+++ Data excerpt

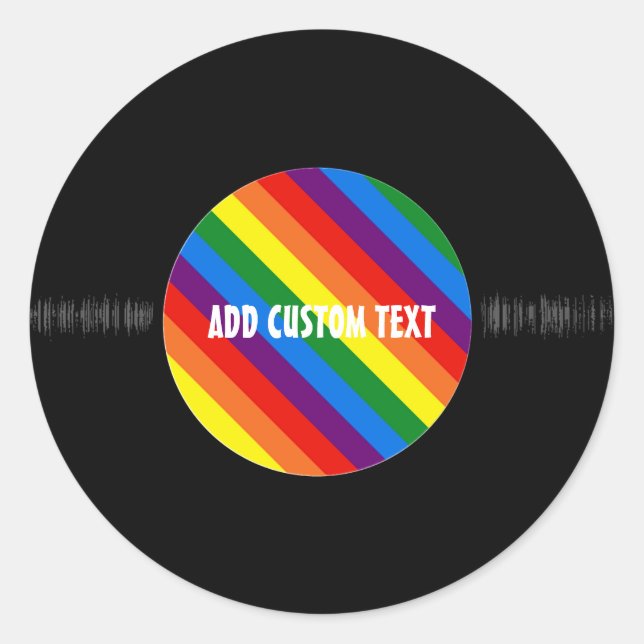 Rainbow Stripes Retro Vinyl Record Custom Music Classic Round Sticker (Front)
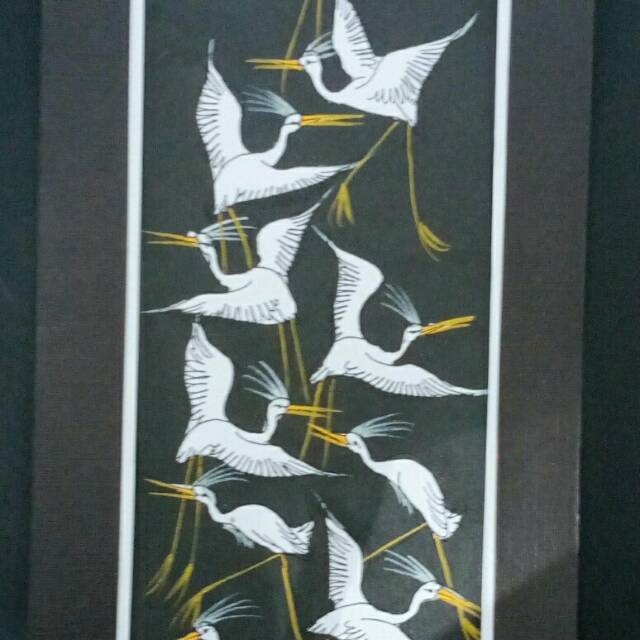 Burung Bangau Lukisan Dan Frame Feng Shui Kemuliaan Umur Panjang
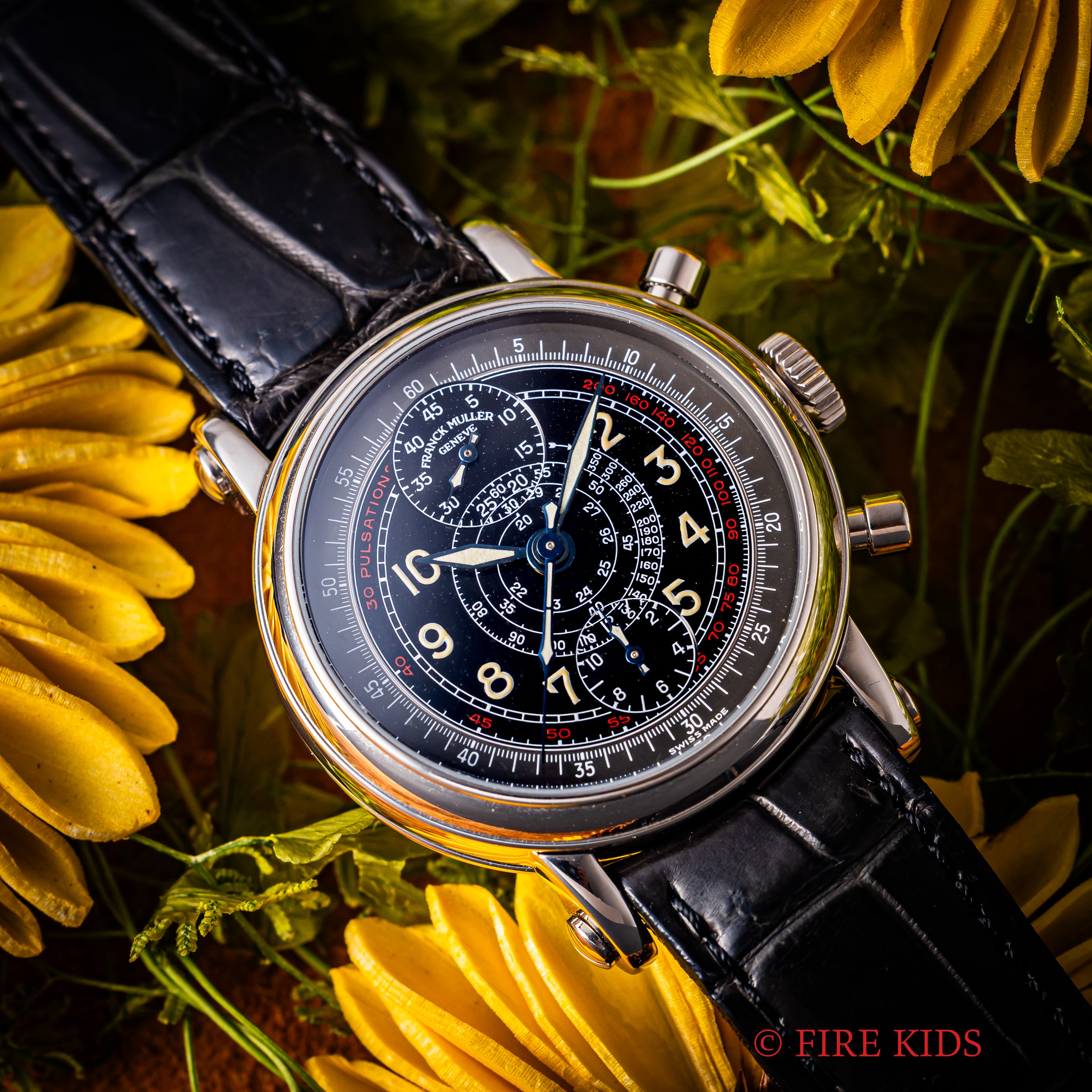 フランク・ミュラー 1999年ギャラ 18金無垢ホワイトゴールド バーティカルクロノグラフ 自動巻 36mm 7000 CC S 3645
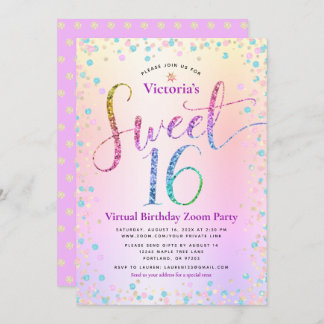 Rainbow Glitzer Ombre Virtual Sweet 16 Geburtstag Einladung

++++++

=== Required action ===
What is needed is an exact transcription of the lines from the one holding "フランク・ミュラー 1999年ギャラ 18金無垢ホワイトゴールド" to the end of the data, with every picture left out.

=== Solution to this problem ===
 フランク・ミュラー 1999年ギャラ 18金無垢ホワイトゴールド バーティカルクロノグラフ 自動巻 36mm 7000 CC S 3645
 Rainbow Glitzer Ombre Virtual Sweet 16 Geburtstag Einladung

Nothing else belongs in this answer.